Scenario Runtime Coverage Expected Finding
happy_path EC2, Serverless, EKS success
executor_oom EC2, Serverless, EKS EXECUTOR_OOM
driver_oom EC2 DRIVER_OOM
missing_dependency EC2, Serverless DEPENDENCY_MISSING
s3_access_denied EC2, EKS S3_ACCESS_DENIED
s3_path_missing EC2, Serverless S3_PATH_MISSING
bad_input_data EC2, Serverless BAD_INPUT_DATA
image_pull_failure EKS EKS_IMAGE_PULL_FAILURE
pod_pending_resource_pressure EKS EKS_POD_PENDING

The demo lab also includes EC2-focused data, SQL, storage, and Livy scenarios such as data_skew, hdfs_full, db_connection_failure, db_lock_timeout, db_large_join_spill, db_bad_sql_plan, and livy_session_failure.

Validation Flow

flowchart LR
  Deploy["Deploy demo infra"] --> Scenario["Run scenario"]
  Scenario --> Context["Export Harrier context"]
  Context --> MCP["Call Harrier MCP"]
  MCP --> Compare["Compare expected finding"]
  Compare --> Report["Write validation report"]
  Report --> Cleanup["Cleanup or destroy"]
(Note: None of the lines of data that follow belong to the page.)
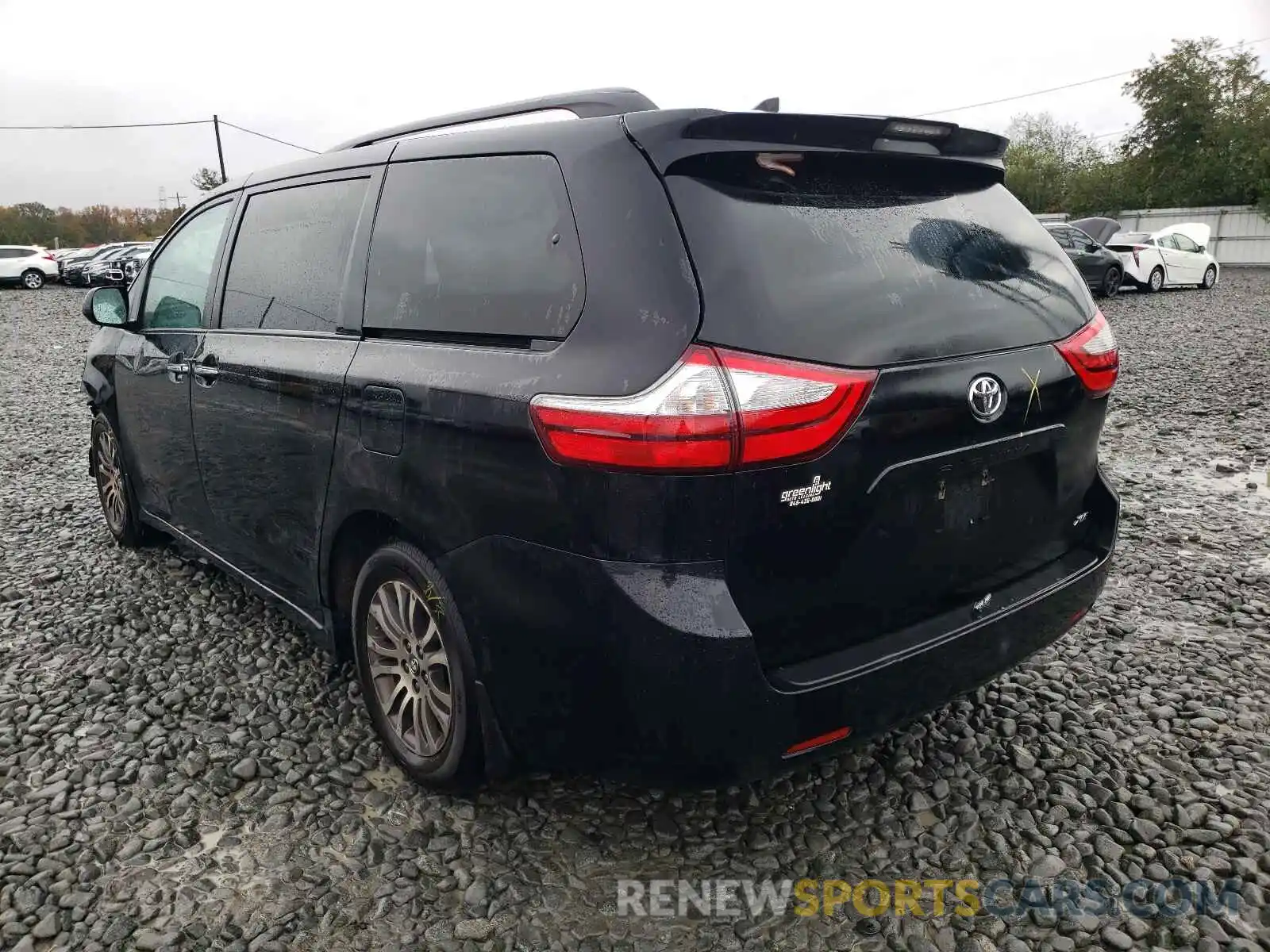 3 Фотография поврежденного автомобиля 5TDYZ3DC7KS976937 TOYOTA SIENNA 2019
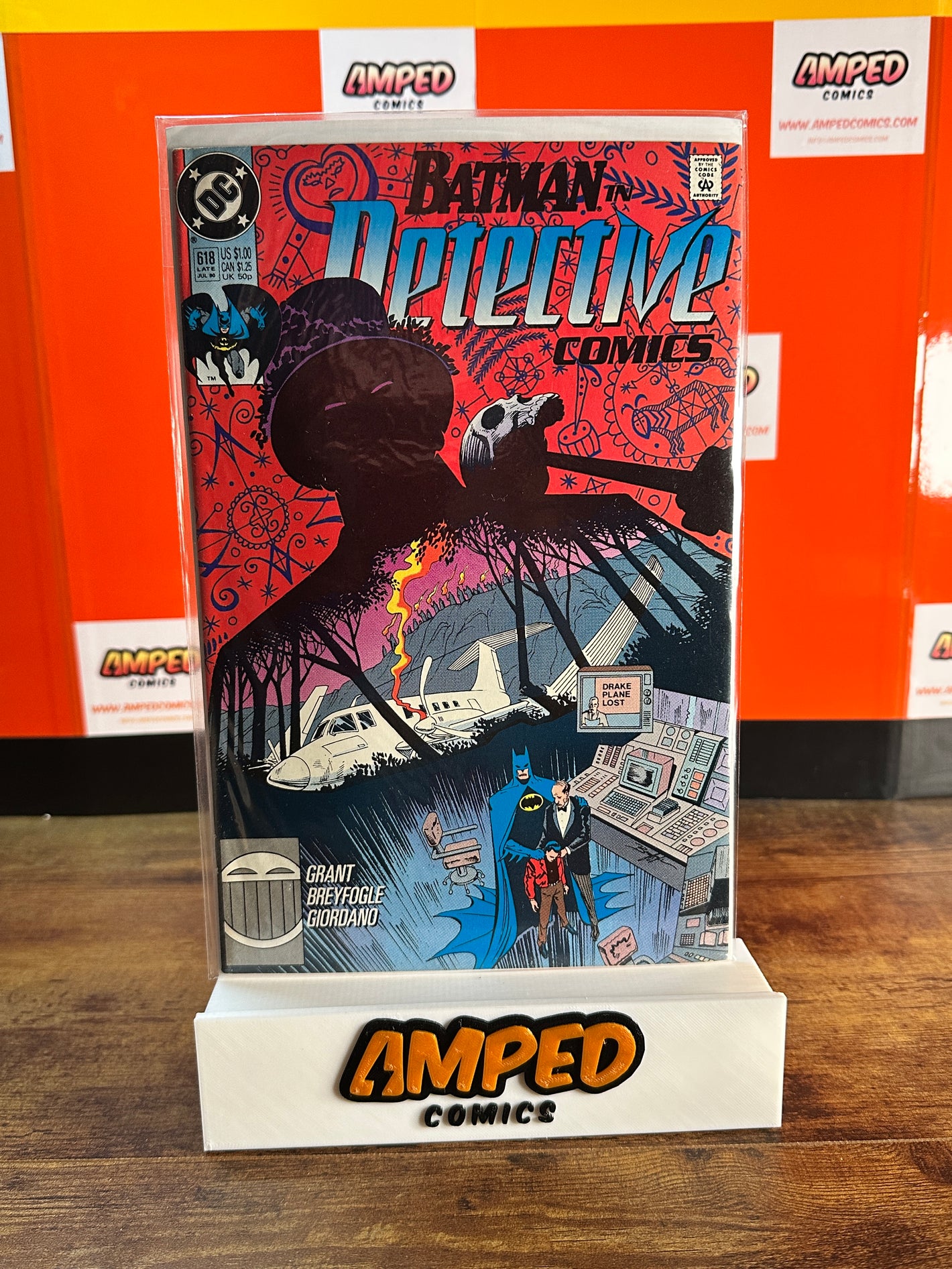 Detective Comics 618 DC Comics 1990 Batman Tim Drake
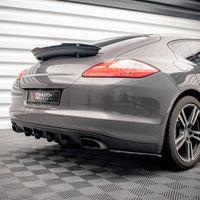 Maxton Design - REAR VALANCE PORSCHE PANAMERA / PANAMERA DIESEL 970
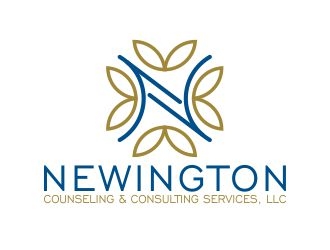 Newington Counseling & Consulting Services, LLC logo design by b3no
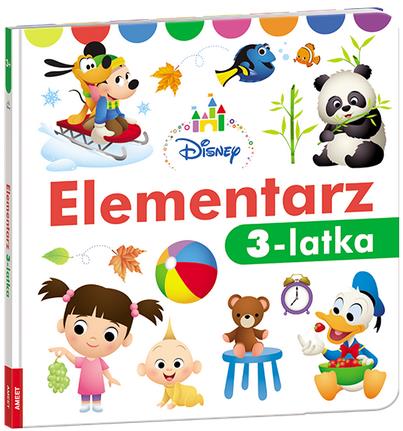DISNEY MALUCH.  ELEMENTARZ 3-LATKA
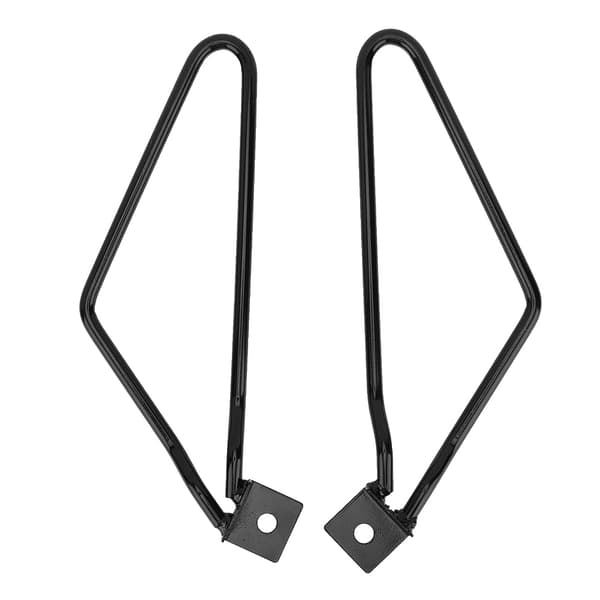 Harley Davidson 883 XL1200 Motorcycle Saddlebag Relocation Kit Side Mount Luggage Rack Support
Validation reports are written under .harrier-demo/validation/ in the demo repository and should not be committed.

Safety First

The demo lab creates real AWS resources and real AWS cost. Use a sandbox account, review the cost and cleanup docs before deployment, and destroy resources when validation is complete.

Repository

The demo lab repository is:

https://github.com/the-platform-layer/harrier-emr-demo-lab

If you have access to the repository, start with its README, cost controls, scenario catalog, and cleanup guide before running live workloads.